Friday, June 18, 2004

BUGGING OUT. "Blood 'n' Guts" Peters points the way to disengagement. While "We must remain ferociously aggressive in Iraq and around the globe," the General writes,
If our troops in Iraq are stymied by a web of political deals and need to ask, "Mother, may I?" before confronting terrorists, they'll be condemned to lethal inactivity — turned into targets with bound hands. Morale will plummet. And their lives will be wasted...

We owe Baghdad nothing. Nothing. We've already given Iraq an unprecedented chance to build a humane society and a decent government. If, despite our sacrifices, the Iraqis revert to greed, bigotry and tribalism, we'll need to face the reality of yet another homemade Arab failure and "stand not upon the order of [our] going, but go"...

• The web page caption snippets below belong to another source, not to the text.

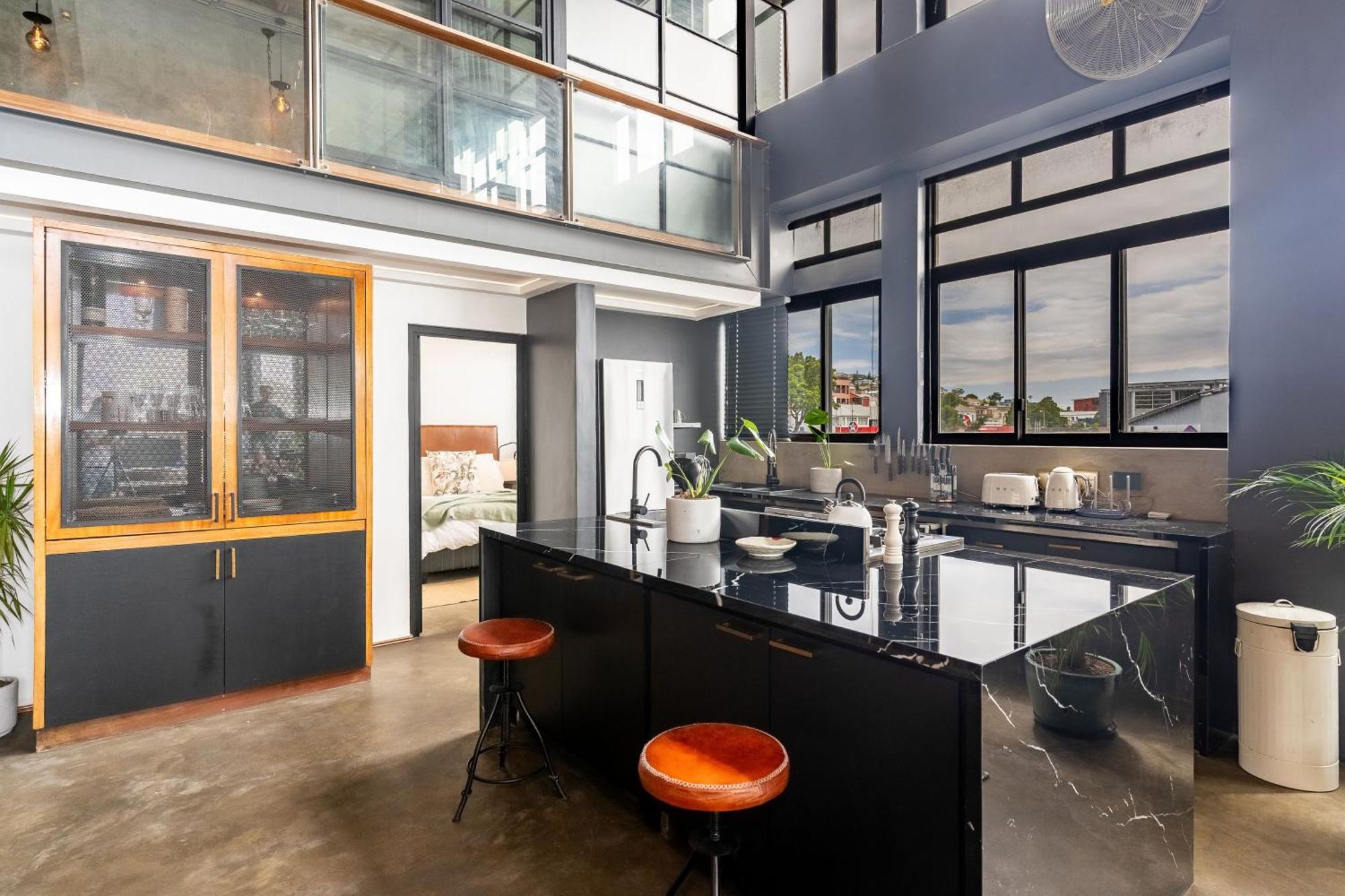 Loft * Cape Town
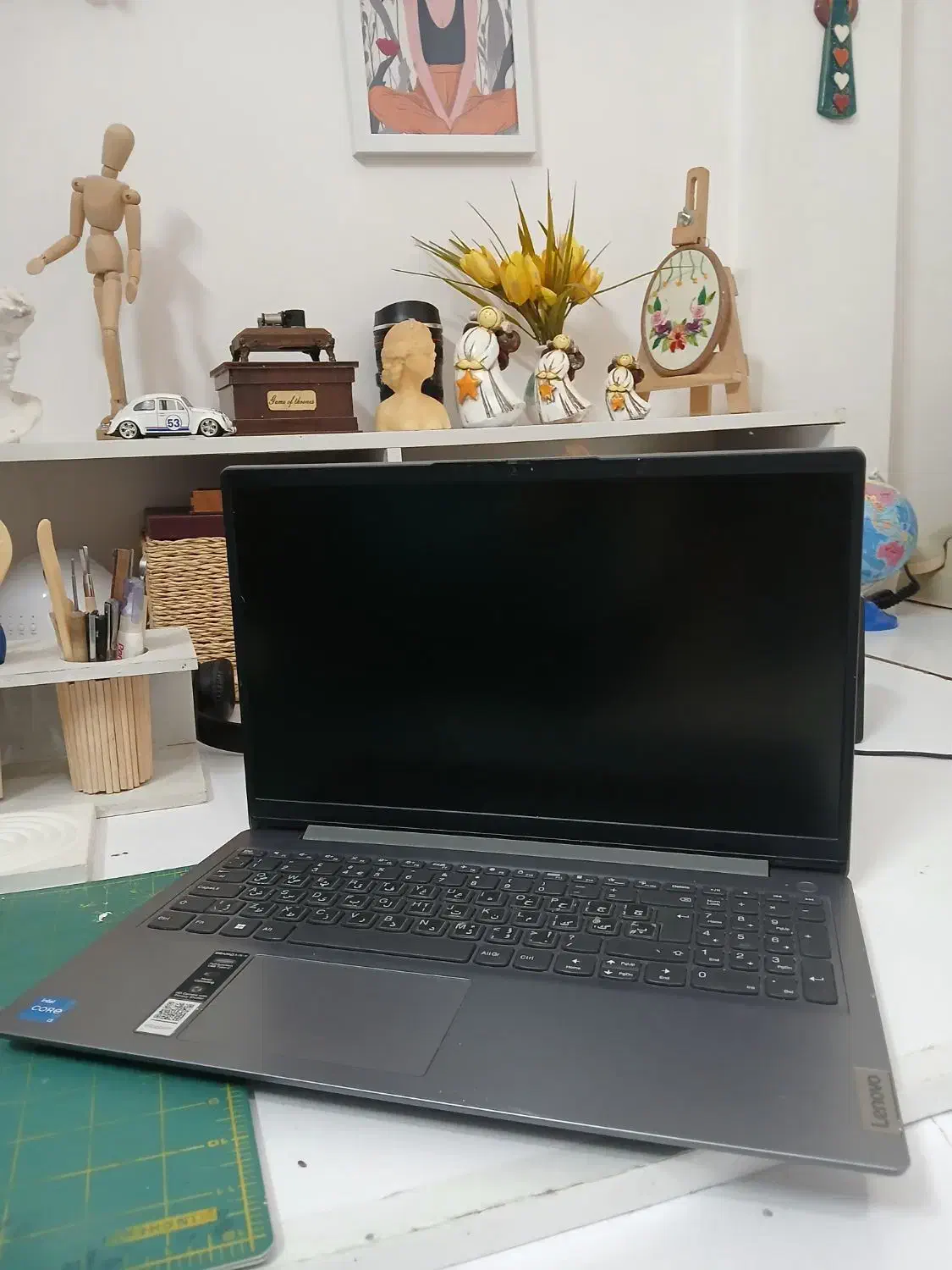 لپ تاپ لنوو|رایانه همراه|مشهد, سپاد|دیوار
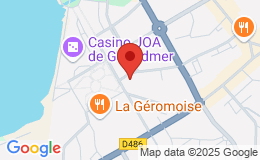 Cliquez sur ce lien pour voir dans Google Maps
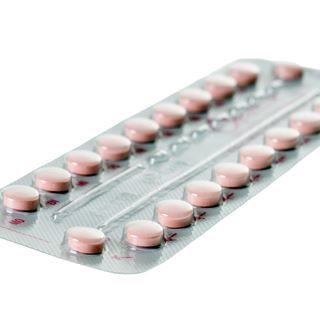 	حبوب منع الحمل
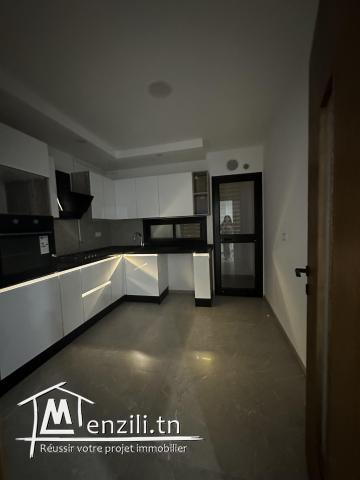 S*3 haut standing à louer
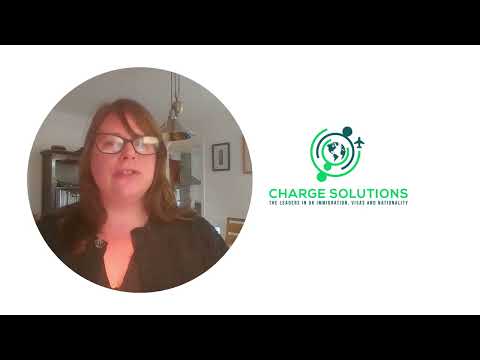 Charge Solutions video.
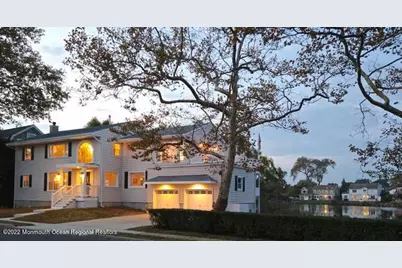 400 Ocean Road, Spring Lake, NJ 07762 - Photo 4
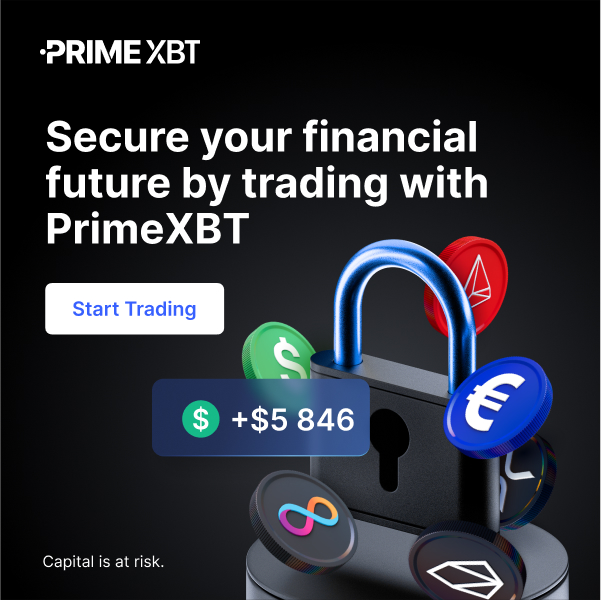 Panduan Lengkap untuk PrimeXBT Forex Menjadi Trader yang Berjaya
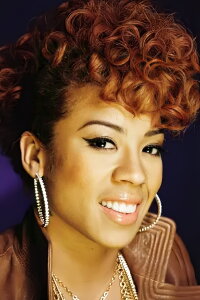 Keyshia Cole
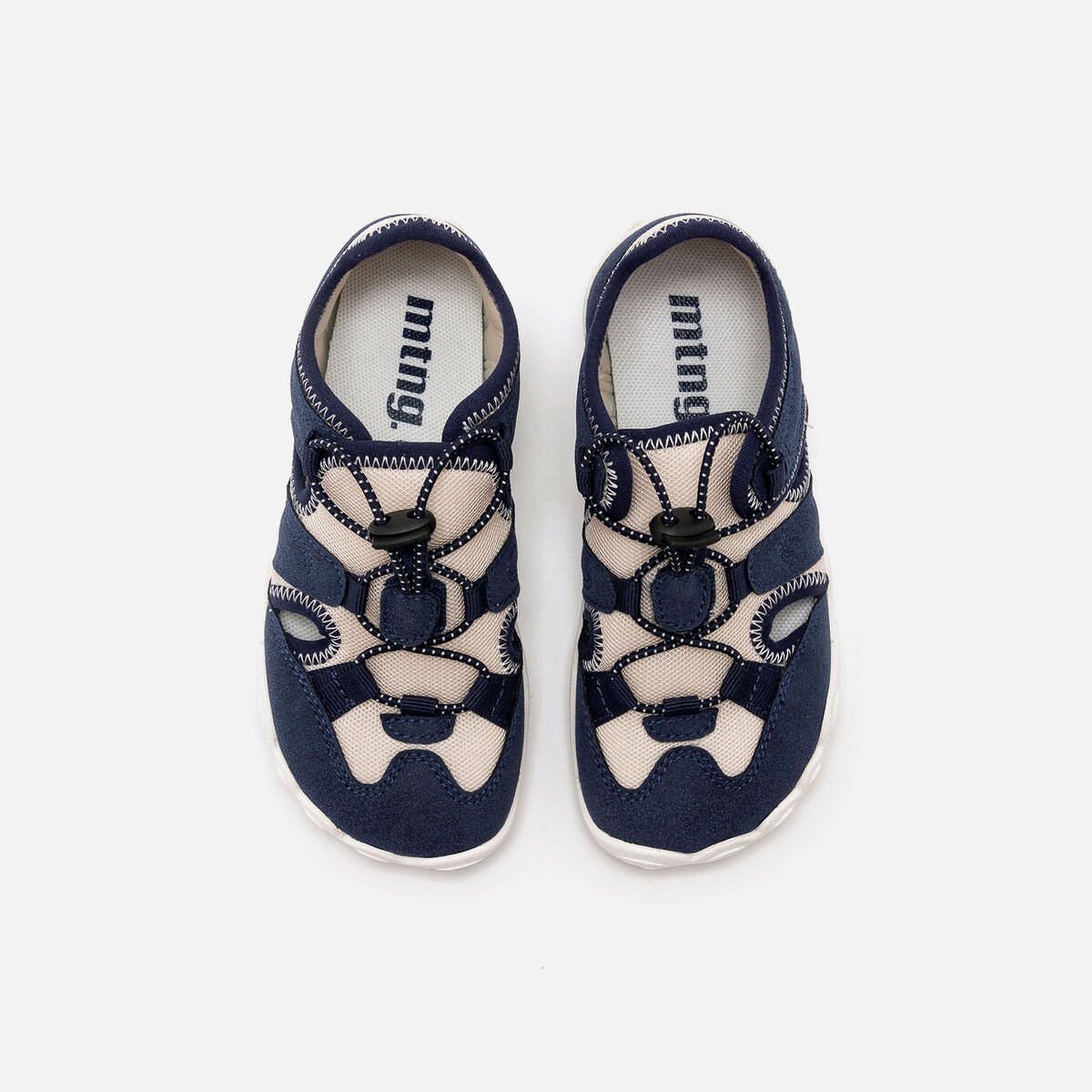 Sandalias de Nino modelo SCARPO de MTNG image number 3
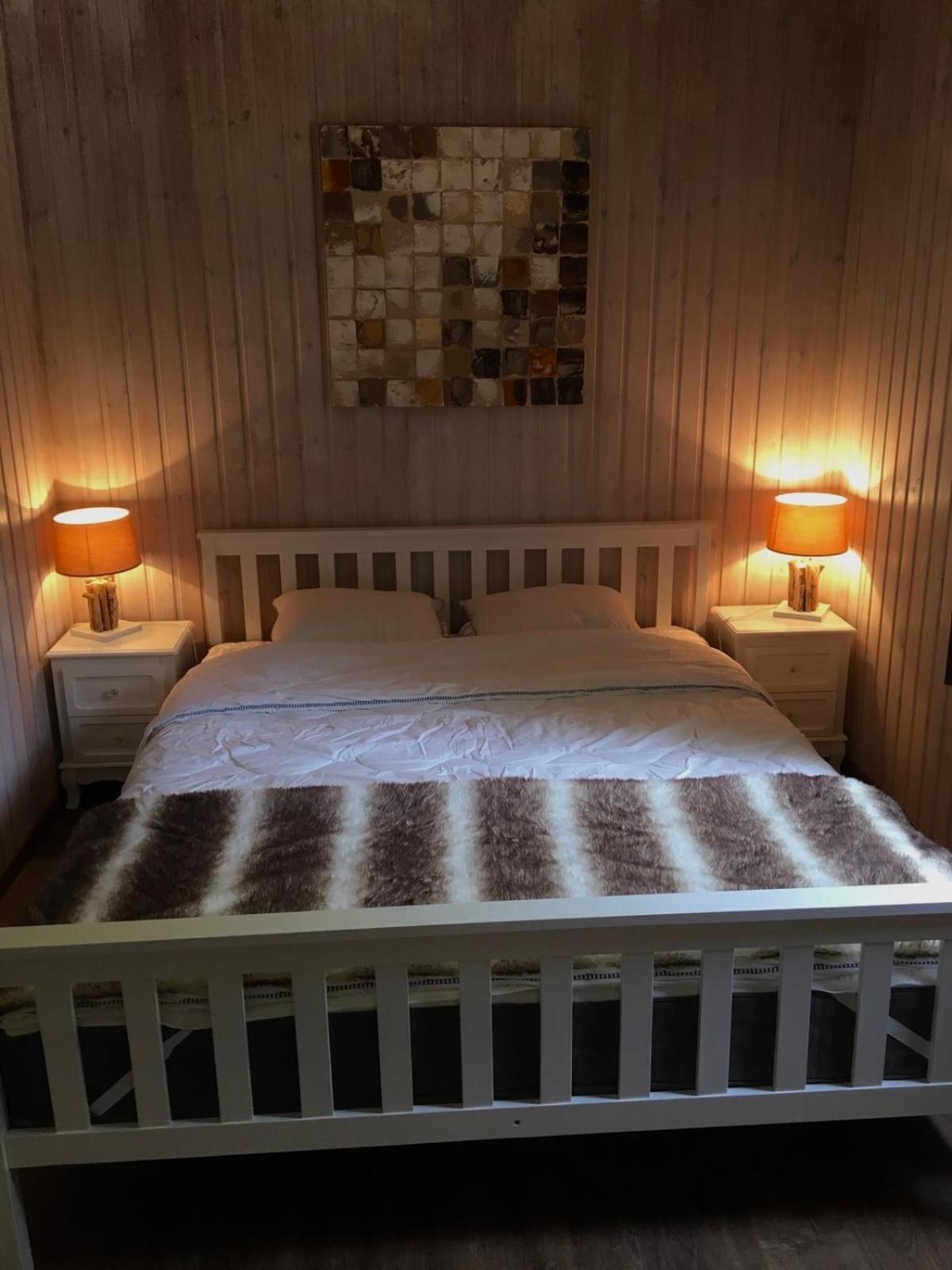 Chalet Le Faye 와이메스 외부 사진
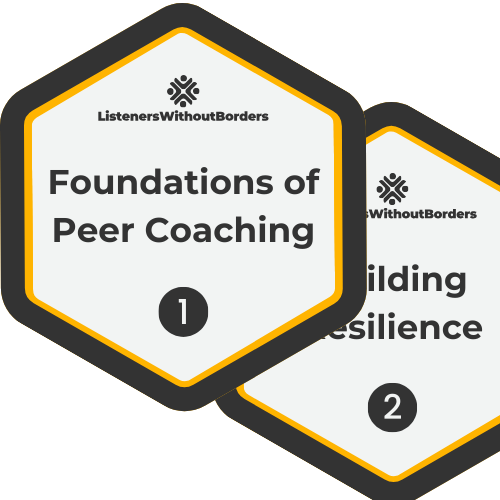 LwB Peer Coaching Community Bundle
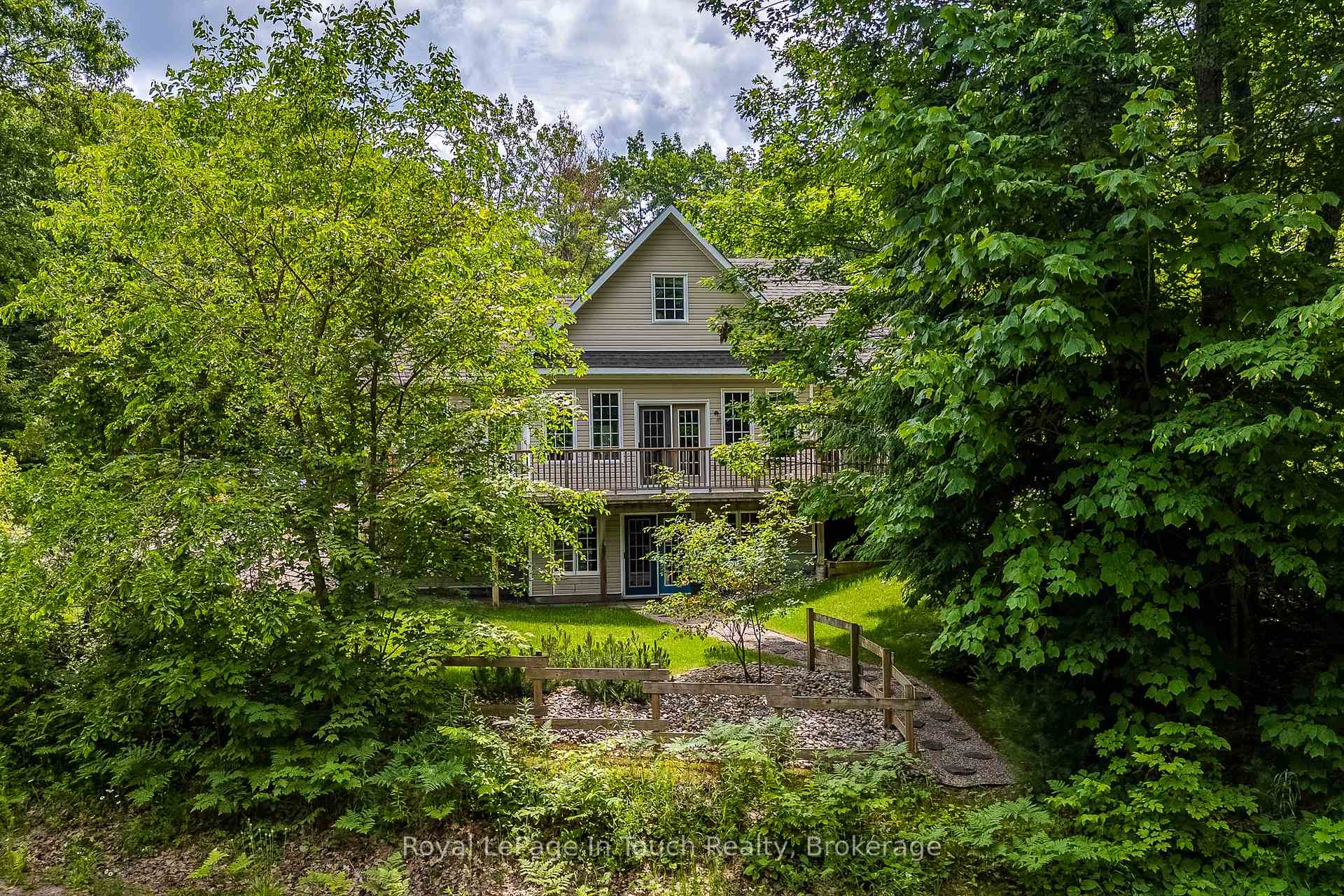 Photo 4 of 8 Woodward Drive, Tiny, Rural Tiny — HOMEH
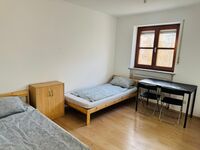 Komfortable Monteurwohnung in Markt Schwaben, voll möbliert Bild 9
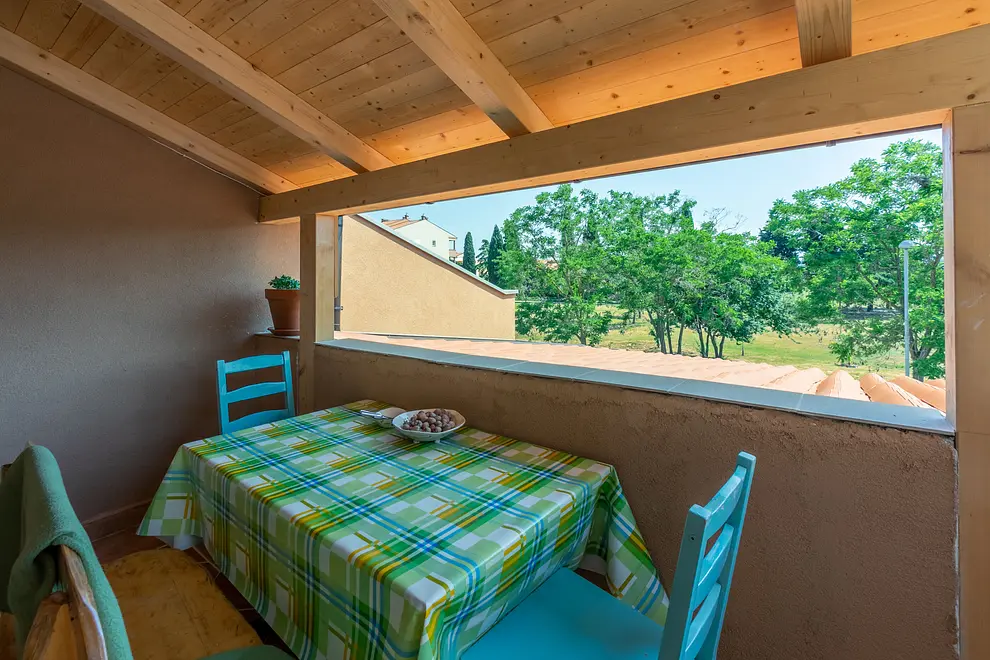 Ferienwohnung in Fazana  999206338 34444 – Foto 26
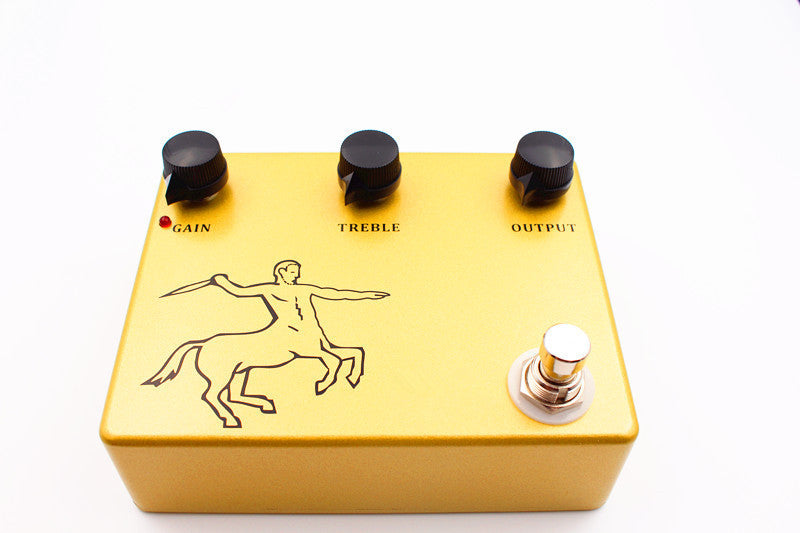 Klon Centaur Genuine Professional Guitar Pedal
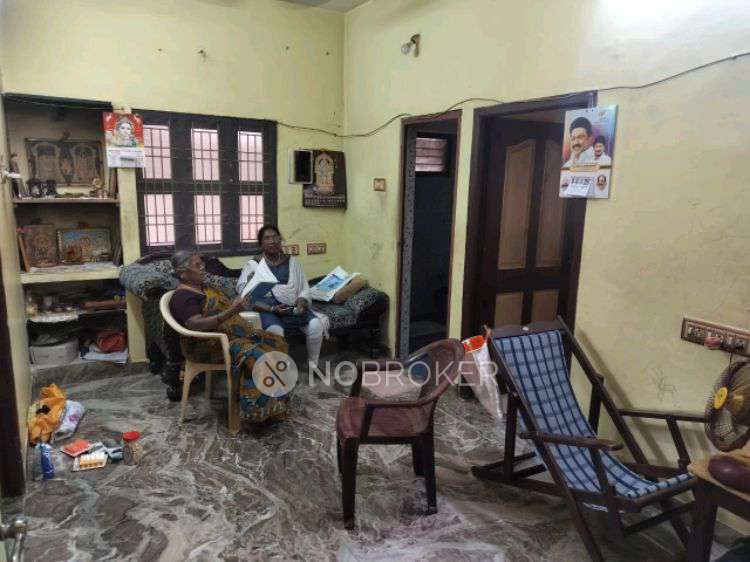 2 BHK Flat In Vasantham Flats for Lease  In 2188, Natesan Nagar, Venugopal Nagar, Iyyappanthangal, Chennai, Tamil Nadu 600056, India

...if the Iraqis lack the guts to stand up for their own freedom, we needn't hang around to watch as the country bleeds to death, unwilling to apply its own tourniquet.
The General is famously outspoken, but I wouldn't be surprised if his opinions here turned out to be the cutting edge of the new reality. After June 30 we will of course still have a lot of troops in Iraq, but already we see signs that the democratization phase of the enterprise is getting less of our direct attention than did the deSaddamification phase. Of course we are less attentive to Afghanistan than before, too, and things are evolving in some interesting ways there as well.

I suspect the Administration is eager to leave Iraq, and will get less shy about showing it.

Thursday, June 17, 2004

RAISON D'CROIRE. You know, I hate to "support the side," I really do. I hate to go to events like this one, where I'm surrounded by people who, on some prosaic level, agree with me, because my natural distrust of humanity makes me feel as if the cause must be tainted because I agree with it.

Much of the time all that keeps me convinced of my politics is the obvious inanity of the people on the other side. (No link needed; that's what this whole site is about.)

But often I am encouraged by guys who obviously know what they're talking about, and talk about it extremely well. Here's a good one from Kurt Vonnegut that you might have seen before.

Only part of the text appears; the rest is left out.